Are you missing these five opportunities to teach good money habits to your children?

Are you teaching your children good money habits? Discover five opportunities to instil good financial practice you can’t afford to miss.

We’re careful to teach our children good habits that will ensure they’re polite and thoughtful to others, and take good care of themselves. But what about financial literacy?

It’s easy to assume that children naturally pick up good money habits by observing our own behaviour. But in fact there are key moments in childhood that we can use as a conscious opportunities to instil good habits – and set them up for life.

Five opportunities to teach good money habits

So what are these moments? Here are five golden opportunities to put your children on the path of good financial practice.

1) Before they start counting

Financial success generally depends on your ability to resist owning everything you see. So when your children start insisting you buy EVERY toy they happen to cast their eye on, teach them to think hard about what they want.

Even if you can buy everything they point at, the goal is to be able to go shopping without them forcing you to buy anything unless necessary.

It’s futile to talk about your limited money at this time because they won’t understand the concept. Instead, it’s important to teach them the concept that you don’t just buy everything you want, right now.

2) Once they start receiving money

There will come a time when family and friends start giving your children cash gifts on birthdays, Christmas and other special occasions.

This is a golden opportunity to teach them about saving money, and how it can benefit them in the future (for example, buying their favourite book or an item of clothing they desperately want.

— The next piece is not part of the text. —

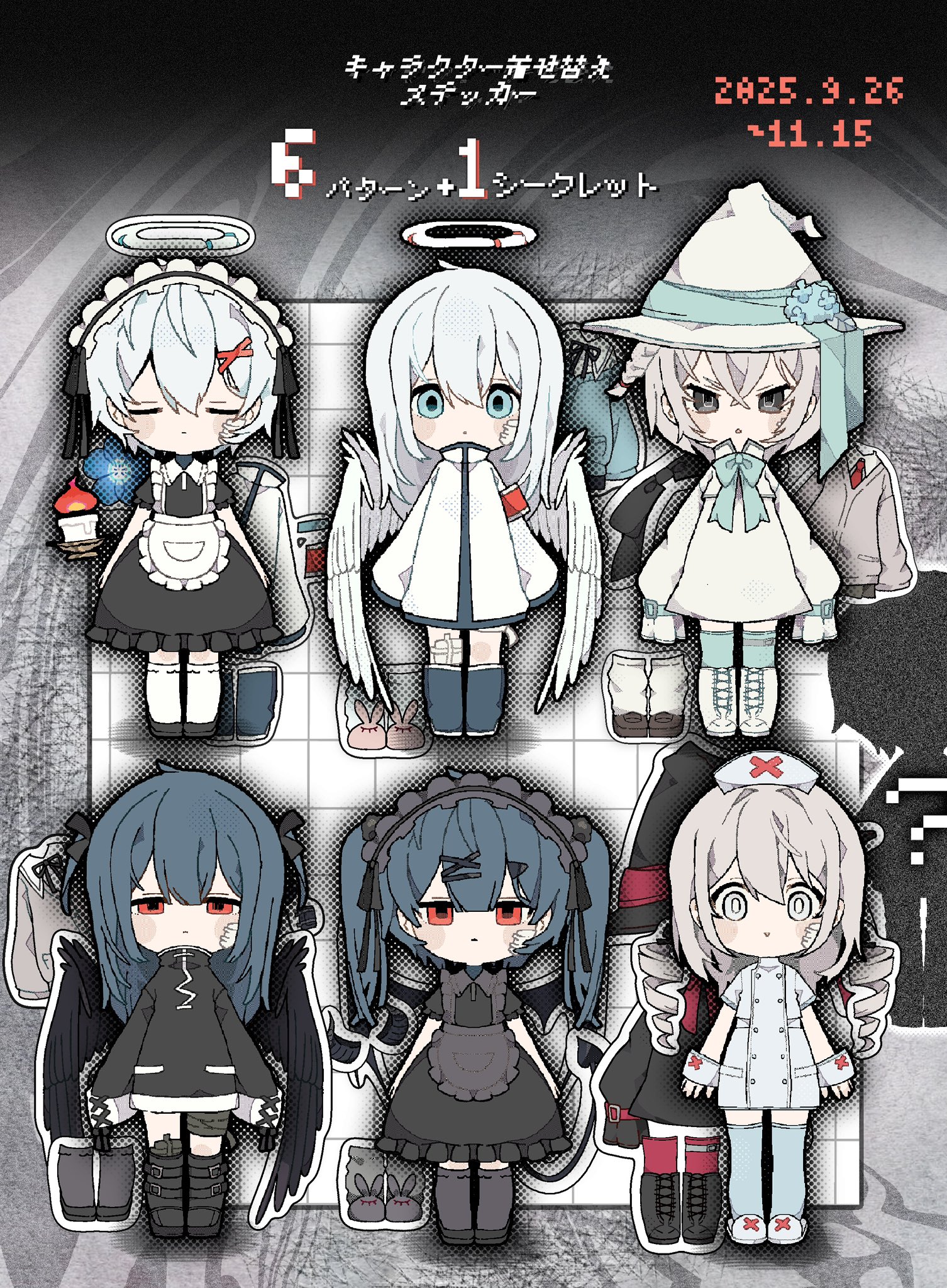 soresaki (@1100_2299) / X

Whether you opt for the piggy bank, cash jar or an actual bank deposit, your children will have a sense of pride knowing that they have set aside savings for their future. You can also pass on your own favourite budgeting tips to help boost their savings further.

3) When they have accumulated savings

Once children start seeing an impressive amount of money accumulating in their bank account or money box, it’s tempting to spend it on every trivial item they want at a whim.

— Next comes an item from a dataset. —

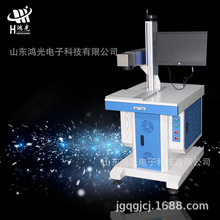 促銷櫃式激光打標機金屬激光標刻機 山東鴻光科技廠家直銷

So make sure you help them to think carefully about what they spend their money on, and encourage them to keep it for items that really matter to them. You can also teach them about setting financial goals, and how to make plans to save for their coveted big-ticket items.

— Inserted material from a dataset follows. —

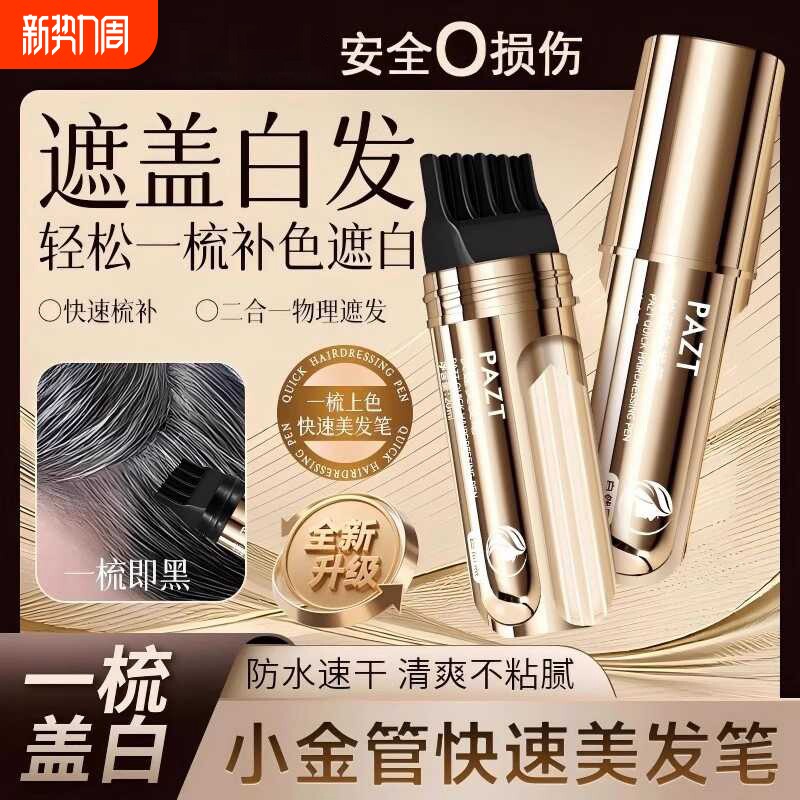 防水防汗染发笔棒遮盖白发神器一次性纯植物不掉色美发棒补染发根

4) When they want more money

If they’re saving up for something expensive, children will quickly realise that they need more cash sources than waiting for their birthday money.

However, if you keep on giving them cash they will fail to see the value of money because they can easily get it without effort.

So make sure you introduce to them the concept of working for something in return, to let them appreciate the value of hard work. It will also ensure they value their purchases much more, knowing how hard they worked to acquire them.

5) When they start going to senior school

By the time children start senior school, they should have learned a few money-saving habits from you. And one way to test how they apply their learning in real life, is by giving them regular pocket money that they can spend at or after school.

You don’t have to closely monitor their activities or constantly annoy them by asking what they did with the money. Instead, give them the freedom to do whatever they want with their allowance, but limit how much you give them weekly or monthly.

Hopefully, you’ll be surprised with how much your children have saved from their allowance alone after a few months or so. You could also be proud with how your children are choosing the right products when they’re making purchases.